Principal Component Analysis
PCA is a technique used for dimensionality reduction and feature extraction by transforming the original dataset into a new set of linearly uncorrelated variables called principal components. The first principal component has the highest variance and each subsequent component has the highest variance under the constraint of being orthogonal to the previous components.
The number of principal components to keep is usually determined by the amount of variance explained by each component. In this case, n_components=2 is specified, which means the data is transformed into a new two-dimensional space spanned by the first two principal components.
The transformed data is visualized using a scatter plot, where the x-axis corresponds to the first principal component and the y-axis corresponds to the second principal component.

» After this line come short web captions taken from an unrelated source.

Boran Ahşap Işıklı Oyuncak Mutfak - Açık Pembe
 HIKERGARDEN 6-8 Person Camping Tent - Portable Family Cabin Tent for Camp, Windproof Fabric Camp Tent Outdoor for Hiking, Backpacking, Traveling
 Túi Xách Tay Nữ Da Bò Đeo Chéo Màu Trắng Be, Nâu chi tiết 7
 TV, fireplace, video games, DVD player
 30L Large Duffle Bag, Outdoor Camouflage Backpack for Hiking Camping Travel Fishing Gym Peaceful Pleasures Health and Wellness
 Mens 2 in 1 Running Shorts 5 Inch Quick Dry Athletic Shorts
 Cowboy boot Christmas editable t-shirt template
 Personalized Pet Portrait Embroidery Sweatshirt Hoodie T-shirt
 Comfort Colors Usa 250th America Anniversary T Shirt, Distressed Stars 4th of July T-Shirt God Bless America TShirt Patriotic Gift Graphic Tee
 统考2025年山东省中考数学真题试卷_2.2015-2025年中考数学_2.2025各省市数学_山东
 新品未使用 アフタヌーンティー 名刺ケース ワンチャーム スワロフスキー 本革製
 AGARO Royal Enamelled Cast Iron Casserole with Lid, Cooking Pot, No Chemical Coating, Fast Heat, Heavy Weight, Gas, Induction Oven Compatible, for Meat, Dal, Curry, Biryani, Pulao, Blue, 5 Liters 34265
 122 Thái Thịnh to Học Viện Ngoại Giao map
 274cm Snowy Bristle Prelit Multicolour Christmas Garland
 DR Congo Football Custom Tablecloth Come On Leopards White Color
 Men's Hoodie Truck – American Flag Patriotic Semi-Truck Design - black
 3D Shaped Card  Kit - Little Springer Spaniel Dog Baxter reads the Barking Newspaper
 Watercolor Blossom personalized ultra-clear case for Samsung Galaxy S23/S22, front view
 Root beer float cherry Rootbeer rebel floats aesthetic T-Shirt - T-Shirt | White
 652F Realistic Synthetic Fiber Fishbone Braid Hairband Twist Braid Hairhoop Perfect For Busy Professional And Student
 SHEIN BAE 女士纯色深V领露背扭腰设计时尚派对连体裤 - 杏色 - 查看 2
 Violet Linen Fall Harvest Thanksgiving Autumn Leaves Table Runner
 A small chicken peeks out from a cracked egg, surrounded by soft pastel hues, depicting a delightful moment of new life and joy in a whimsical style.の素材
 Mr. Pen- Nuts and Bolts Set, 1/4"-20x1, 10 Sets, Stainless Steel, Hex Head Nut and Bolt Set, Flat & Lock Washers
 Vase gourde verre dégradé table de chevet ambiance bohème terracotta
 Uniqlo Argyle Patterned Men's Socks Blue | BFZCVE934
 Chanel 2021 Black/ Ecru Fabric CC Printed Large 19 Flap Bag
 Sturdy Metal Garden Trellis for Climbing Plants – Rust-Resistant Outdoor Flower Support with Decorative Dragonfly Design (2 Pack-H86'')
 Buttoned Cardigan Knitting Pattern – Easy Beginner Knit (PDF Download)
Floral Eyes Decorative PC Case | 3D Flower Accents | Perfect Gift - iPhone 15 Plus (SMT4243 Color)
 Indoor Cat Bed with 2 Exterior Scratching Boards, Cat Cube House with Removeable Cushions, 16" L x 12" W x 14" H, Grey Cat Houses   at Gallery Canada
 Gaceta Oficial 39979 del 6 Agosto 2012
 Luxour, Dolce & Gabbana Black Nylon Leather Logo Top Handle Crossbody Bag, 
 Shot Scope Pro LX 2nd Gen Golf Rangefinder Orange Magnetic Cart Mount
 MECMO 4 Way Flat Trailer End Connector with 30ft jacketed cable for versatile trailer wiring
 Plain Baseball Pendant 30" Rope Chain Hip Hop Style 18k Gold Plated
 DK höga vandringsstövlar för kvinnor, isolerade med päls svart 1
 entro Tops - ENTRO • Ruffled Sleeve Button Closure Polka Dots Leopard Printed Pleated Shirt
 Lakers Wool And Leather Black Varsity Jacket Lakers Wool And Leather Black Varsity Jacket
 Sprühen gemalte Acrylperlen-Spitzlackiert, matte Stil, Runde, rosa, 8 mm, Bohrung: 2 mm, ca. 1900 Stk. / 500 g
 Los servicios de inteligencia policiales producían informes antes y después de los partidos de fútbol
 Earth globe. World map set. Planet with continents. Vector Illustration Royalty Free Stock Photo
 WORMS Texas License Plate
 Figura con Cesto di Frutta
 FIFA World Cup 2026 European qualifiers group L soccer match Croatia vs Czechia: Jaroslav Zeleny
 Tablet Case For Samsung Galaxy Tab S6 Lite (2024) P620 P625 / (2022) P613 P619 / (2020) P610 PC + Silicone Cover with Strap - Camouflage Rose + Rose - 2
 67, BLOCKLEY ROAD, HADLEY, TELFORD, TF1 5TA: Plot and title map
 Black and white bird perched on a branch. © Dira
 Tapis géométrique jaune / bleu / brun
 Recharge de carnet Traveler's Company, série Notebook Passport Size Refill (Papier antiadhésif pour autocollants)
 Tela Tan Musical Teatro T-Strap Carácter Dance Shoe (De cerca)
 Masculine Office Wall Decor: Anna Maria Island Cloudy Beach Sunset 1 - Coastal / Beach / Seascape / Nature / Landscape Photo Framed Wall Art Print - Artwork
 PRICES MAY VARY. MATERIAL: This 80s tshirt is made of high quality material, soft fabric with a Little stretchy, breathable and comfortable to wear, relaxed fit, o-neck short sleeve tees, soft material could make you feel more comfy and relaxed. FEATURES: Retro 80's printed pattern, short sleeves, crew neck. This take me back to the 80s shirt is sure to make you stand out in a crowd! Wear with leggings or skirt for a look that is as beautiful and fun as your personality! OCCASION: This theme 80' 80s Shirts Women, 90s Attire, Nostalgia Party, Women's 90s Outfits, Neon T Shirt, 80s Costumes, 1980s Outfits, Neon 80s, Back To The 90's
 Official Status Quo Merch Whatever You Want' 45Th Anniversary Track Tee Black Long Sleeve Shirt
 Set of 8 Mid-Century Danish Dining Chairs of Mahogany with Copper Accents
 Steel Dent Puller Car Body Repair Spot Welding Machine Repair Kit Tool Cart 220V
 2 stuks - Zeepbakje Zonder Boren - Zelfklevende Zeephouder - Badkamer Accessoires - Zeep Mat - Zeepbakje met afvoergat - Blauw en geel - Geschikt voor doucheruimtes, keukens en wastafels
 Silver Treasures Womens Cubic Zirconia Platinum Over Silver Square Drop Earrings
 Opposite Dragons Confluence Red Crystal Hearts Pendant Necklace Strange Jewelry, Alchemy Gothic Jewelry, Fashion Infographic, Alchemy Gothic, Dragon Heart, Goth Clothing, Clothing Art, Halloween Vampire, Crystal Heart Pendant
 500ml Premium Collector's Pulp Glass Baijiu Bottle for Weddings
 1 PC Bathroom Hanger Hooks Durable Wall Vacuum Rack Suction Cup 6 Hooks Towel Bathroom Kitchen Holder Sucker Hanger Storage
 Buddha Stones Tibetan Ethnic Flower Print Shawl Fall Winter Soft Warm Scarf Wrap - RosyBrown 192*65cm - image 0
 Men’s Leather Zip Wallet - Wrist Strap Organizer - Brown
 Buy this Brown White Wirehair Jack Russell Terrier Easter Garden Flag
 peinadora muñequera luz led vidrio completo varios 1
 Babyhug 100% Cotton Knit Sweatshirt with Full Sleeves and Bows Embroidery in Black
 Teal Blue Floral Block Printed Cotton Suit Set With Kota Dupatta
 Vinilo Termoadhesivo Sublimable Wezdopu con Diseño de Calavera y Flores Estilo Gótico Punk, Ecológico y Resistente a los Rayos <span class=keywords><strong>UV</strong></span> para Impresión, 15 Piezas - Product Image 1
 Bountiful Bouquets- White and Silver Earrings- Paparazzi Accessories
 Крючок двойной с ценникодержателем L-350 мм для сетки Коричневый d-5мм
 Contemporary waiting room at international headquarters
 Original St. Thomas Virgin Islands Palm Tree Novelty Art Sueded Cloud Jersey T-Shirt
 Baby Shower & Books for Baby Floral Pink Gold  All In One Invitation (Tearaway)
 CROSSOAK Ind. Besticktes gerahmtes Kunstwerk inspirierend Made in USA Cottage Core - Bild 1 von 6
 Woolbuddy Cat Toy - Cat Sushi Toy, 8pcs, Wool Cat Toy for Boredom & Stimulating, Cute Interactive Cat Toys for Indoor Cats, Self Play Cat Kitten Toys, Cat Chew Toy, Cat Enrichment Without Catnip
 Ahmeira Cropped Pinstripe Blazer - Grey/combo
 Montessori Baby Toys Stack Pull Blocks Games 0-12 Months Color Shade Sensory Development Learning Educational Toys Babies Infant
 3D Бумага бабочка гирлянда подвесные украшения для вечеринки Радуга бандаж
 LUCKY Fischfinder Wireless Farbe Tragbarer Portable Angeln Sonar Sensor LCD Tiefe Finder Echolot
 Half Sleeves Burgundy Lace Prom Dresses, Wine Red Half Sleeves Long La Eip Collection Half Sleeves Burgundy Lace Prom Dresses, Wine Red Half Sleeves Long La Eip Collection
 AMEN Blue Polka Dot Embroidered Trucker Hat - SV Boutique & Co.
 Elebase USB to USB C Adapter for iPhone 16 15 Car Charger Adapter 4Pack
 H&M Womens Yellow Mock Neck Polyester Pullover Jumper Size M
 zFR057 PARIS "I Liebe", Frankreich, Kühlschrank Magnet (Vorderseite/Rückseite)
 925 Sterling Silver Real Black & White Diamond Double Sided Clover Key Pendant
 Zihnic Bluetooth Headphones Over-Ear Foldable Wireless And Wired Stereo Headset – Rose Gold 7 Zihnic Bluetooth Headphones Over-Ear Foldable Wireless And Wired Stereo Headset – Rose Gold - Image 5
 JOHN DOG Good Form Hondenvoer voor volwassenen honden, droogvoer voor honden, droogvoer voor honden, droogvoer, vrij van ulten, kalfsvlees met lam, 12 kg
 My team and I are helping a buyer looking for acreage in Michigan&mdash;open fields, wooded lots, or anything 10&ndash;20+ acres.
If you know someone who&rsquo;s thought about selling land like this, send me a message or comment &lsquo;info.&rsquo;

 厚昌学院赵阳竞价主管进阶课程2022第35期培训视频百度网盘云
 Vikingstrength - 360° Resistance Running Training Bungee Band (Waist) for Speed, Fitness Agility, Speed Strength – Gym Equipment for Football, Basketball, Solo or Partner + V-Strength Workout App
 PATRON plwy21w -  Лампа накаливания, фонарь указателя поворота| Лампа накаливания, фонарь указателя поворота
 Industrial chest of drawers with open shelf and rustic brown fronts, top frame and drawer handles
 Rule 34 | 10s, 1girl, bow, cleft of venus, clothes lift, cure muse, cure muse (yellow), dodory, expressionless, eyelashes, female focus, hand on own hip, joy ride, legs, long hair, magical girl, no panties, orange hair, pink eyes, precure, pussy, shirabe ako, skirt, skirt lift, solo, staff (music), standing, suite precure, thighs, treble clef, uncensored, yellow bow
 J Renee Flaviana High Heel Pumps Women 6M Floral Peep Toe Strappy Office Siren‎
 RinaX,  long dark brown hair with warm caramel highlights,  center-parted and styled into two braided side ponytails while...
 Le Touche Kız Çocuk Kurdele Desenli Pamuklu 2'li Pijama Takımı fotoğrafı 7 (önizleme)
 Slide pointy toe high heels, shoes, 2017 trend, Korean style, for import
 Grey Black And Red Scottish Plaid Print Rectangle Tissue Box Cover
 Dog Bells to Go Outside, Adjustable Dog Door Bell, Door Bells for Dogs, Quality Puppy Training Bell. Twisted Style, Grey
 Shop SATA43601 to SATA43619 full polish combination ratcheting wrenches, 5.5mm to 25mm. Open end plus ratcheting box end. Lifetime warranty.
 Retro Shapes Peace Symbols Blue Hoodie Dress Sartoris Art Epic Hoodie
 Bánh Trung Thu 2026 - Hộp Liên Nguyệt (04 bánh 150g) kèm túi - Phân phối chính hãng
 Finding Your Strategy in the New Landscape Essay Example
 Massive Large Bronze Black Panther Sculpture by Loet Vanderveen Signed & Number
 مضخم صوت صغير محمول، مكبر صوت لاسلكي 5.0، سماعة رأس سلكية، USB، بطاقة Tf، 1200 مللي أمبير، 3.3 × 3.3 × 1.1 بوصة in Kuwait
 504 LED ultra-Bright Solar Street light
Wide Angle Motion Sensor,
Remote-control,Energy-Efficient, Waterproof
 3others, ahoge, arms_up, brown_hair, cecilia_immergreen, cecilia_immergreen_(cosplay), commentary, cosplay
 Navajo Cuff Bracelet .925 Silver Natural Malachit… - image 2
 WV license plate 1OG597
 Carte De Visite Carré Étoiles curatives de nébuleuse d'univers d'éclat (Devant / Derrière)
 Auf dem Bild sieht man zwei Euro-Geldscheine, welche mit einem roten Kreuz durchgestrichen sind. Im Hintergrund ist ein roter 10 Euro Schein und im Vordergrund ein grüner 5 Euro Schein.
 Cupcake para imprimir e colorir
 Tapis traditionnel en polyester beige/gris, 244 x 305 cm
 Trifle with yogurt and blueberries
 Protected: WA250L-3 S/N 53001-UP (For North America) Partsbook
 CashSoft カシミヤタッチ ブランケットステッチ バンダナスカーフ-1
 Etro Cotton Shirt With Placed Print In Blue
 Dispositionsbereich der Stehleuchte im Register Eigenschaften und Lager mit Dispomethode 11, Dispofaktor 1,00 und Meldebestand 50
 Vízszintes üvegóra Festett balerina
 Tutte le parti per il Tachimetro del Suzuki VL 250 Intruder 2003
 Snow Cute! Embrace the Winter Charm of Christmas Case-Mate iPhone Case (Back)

The plot shows how the data is distributed in the new two-dimensional space.
Preprocessing
This code loads the dataset from the df DataFrame and preprocesses the data for the principal component analysis (PCA).
It drops the 'datetime', 'srcstr', 'localeabbr', 'time', 'hour', and 'postalcode' columns from the dataset as they are not useful for the analysis.
It also encodes the categorical variables using LabelEncoder() from the sklearn.preprocessing module.
The resulting dataset containing only the features is stored in the X DataFrame.
Finally, it drops the rows containing null values using the dropna() method and returns the first few rows of the processed dataset using the head() method.


In [1]:
import pandas as pd
from sklearn.preprocessing import StandardScaler
from sklearn.decomposition import PCA
import matplotlib.pyplot as plt

# Load the dataset
d = df
d = d.drop('datetime', axis=1)

from sklearn import preprocessing
le = preprocessing.LabelEncoder()

d.host = le.fit_transform(d.host)
d.proto = le.fit_transform(d.proto)
d.cc = le.fit_transform(d.cc)
d.country = le.fit_transform(d.country)
d.locale = le.fit_transform(d.locale)
d.month = le.fit_transform(d.month)

# Separate the features from the target variable
d = d.drop('srcstr', axis=1)
d = d.drop('localeabbr', axis=1)
d = d.drop('time', axis=1)
d = d.drop('hour', axis=1)
d = d.drop('postalcode', axis=1)
X = d
X=X.dropna()
X.head()

NameError: name 'df' is not defined

In [None]:
X.isnull().sum()

In [None]:
# Standardize the feature values
scaler = StandardScaler()
X_scaled = scaler.fit_transform(X)

# Perform PCA
pca = PCA(n_components=2)
X_pca = pca.fit_transform(X_scaled)

# Visualize the transformed data
plt.scatter(X_pca[:, 0], X_pca[:, 1])
plt.xlabel('Principal Component 1')
plt.ylabel('Principal Component 2')
plt.show()

In [None]:
t = df
t = t.drop('datetime', axis=1)
t = t.drop('srcstr', axis=1)
t = t.drop('localeabbr', axis=1)
t = t.drop('time', axis=1)
t = t.drop('hour', axis=1)
t = t.drop('postalcode', axis=1)

from sklearn import preprocessing
le = preprocessing.LabelEncoder()

t.host = le.fit_transform(t.host)
t.proto = le.fit_transform(t.proto)
t.cc = le.fit_transform(t.cc)
t.locale = le.fit_transform(t.locale)
t.month = le.fit_transform(t.month)
t = t.dropna()
t.head()

This code first imports the required libraries for performing PCA visualization and 3D plot visualization.
Then, it selects the columns spt, dpt, latitude, and longitude for PCA visualization from the dataframe t.
The selected columns are standardized using StandardScaler(), and PCA is performed on them with 2 components using PCA(n_components=2).
Another PCA is performed with 3 components using PCA(n_components=3) for 3D plot visualization.
The unique values of the country column are identified and a color map is created using the plt.cm.get_cmap() function.
The transformed data is then plotted using scatter plot with each data point colored based on its corresponding country value.
Finally, the plot labels, title, legends, and colorbar are set using the set_xlabel(), set_ylabel(), set_title(), legend(), and colorbar() functions of the matplotlib.pyplot library.
The resulting plot is displayed using the plt.show() function.

In [None]:
import pandas as pd
from sklearn.preprocessing import StandardScaler
from sklearn.decomposition import PCA
import matplotlib.pyplot as plt
from mpl_toolkits.mplot3d import Axes3D

# Select the columns for PCA visualization
columns = ['host','spt', 'dpt', 'latitude', 'longitude']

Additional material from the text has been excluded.